Re: Shrinking a device - performance?

From: GWB <gwb@2realms.com>
To: Peter Grandi <pg@btrfs.list.sabi.co.uk>
Cc: Linux fs Btrfs <linux-btrfs@vger.kernel.org>
Subject: Re: Shrinking a device - performance?
Date: Fri, 31 Mar 2017 14:38:07 -0500	[thread overview]
Message-ID: <CAP8EXU2cdtVP7+Qgy6mTJ1oqCmpW4JpaoUxAsf0RZ27WprvZ3g@mail.gmail.com> (raw)
In-Reply-To: <22750.37100.788020.938846@tree.ty.sabi.co.uk>

Well, now I am curious.  Until we hear back from Christiane on the
progress of the never ending file system shrinkage, I suppose it can't
hurt to ask what the signifigance of the xargs size limits of btrfs
might be.  Or, again, if Christiane is already happily on his way to
an xfs server running over lvm, skip, ignore, delete.

Here is the output of xargs --size-limits on my laptop:

<<
$ xargs --show-limits
Your environment variables take up 4830 bytes
POSIX upper limit on argument length (this system): 2090274
POSIX smallest allowable upper limit on argument length (all systems): 4096
Maximum length of command we could actually use: 2085444
Size of command buffer we are actually using: 131072

Execution of xargs will continue now...
>>

That is for a laptop system.  So what does it mean that btrfs has a
higher xargs size limit than other file systems?  Could I
theoretically use 40% of the total allowed argument length of the
system for btrfs arguments alone?  Would that make balance, shrinkage,
etc., faster?  Does the higher capacity for argument length mean btrfs
is overly complex and therefore more prone to breakage?  Or does the
lower capacity for argument length for hfsplus demonstrate it is the
superior file system for avoiding breakage?

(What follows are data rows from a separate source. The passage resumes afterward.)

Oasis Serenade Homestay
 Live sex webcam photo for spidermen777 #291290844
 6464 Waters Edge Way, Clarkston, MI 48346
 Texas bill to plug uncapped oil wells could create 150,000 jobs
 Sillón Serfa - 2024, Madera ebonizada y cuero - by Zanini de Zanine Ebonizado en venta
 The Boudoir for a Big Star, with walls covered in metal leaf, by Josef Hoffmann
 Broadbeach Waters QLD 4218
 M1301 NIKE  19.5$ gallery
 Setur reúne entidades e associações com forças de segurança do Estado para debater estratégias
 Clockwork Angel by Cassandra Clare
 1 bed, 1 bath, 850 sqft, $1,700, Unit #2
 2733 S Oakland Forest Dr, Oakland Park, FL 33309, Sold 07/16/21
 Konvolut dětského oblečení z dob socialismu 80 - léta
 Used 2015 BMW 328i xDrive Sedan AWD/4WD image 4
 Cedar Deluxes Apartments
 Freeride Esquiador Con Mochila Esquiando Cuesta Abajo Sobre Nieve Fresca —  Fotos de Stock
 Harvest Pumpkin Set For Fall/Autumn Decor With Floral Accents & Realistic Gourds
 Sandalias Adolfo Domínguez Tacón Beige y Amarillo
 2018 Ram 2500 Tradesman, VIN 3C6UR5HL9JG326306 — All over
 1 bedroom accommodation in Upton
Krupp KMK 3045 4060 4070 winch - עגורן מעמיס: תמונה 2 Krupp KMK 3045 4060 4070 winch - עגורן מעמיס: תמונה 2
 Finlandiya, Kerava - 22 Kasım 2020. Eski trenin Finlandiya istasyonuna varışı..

Or does it means that hfsplus is very old (and reflects older xargs
limits), and that btrfs is newer code?  I am relatively new to btrfs,
and would like to find out.  I am also attracted to the idea that it
is better to leave some operations to the system itself, and not code
them into the file system.  For example, I think deduplication "off
line" or "out of band" is an advantage for btrfs over zfs.  But that's
only for what I do.  For other uses deduplication "in line", while
writing the file, is preferred, and that is what zfs does (preferably
with lots of memory, at least one ssd to run zil, caches, etc.).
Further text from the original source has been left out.